45 Tage wurde Nazanin Zaghari-Ratcliffe in Einzelhaft gehalten. Sie hatte bis drei Tage vor ihrem Gerichtsverfahren keinen Zugang zu einem Rechtsbeistand.
Die Inhaftierte arbeitete als Projektmanagerin für die Thomson Reuters Foundation (TRF) und koordinierte Trainings für Medienschaffende in Ländern wie Jordanien, dem Libanon, Marokko und Myanmar. Zudem bereitete sie Anträge zur Beschaffung von Geldmitteln vor. Staatliche iranische Medien behaupteten seit ihrer Festnahme, dass sie eine „Spionin“ für TRF sei, und warfen der Organisation vor, die Interessen des Westens zu verfolgen, indem sie sich für eine „westliche“ Demokratie einsetze und damit „zum Verfall der örtlichen Kulturen und Traditionen“ beitrage. Amnesty International (AI) ist nicht bekannt, dass die TRF Projekte im Iran betreibt.
Im Juni 2016 erklärte der Leiter des Justizministeriums der Provinz Kerman, Nazanin Zaghari-Ratcliffe habe mit verschiedenen Webseiten und Medienkampagnen die nationale Sicherheit gefährdet während der „Volksverhetzung“ 2009 – gemeint waren die Proteste nach den Präsidentschaftswahlen. Diese Vorwürfe beziehen sich ausschließlich auf ihre Arbeit als Verwaltungsassistentin für die BBC Media Action in London. Sie betreute dabei ein Projekt, im Rahmen dessen Trainings für junge JournalistInnen in Afghanistan und dem Iran angeboten wurden.

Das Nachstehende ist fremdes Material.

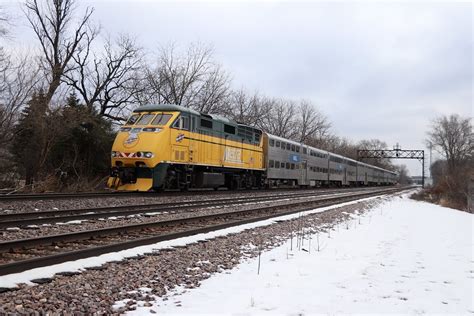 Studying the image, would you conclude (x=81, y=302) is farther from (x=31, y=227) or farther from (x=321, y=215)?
(x=321, y=215)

Ende 2017 kamen kurzzeitig große Hoffnungen auf, dass Nazanin Zaghari-Ratcliffe zu Weihnachten freigelassen würde. Dennoch verblieb sie in Haft. Die iranischen Behörden strengten sogar ein weiteres Verfahren an.
Im Mai 2018 musste die Gefangene erneut vor Gericht erscheinen. Seitens des Teheraner Revolutionsgerichts verlautete, dass es sich um einen sicherheitsrelevanten Fall handele. Genauere Angaben wurden nicht gemacht. Der Mutter könnten nun weitere Jahre Haft drohen. Nazanin Zaghari-Ratcliffe wird im Evin-Gefängnis in Teheran festgehalten.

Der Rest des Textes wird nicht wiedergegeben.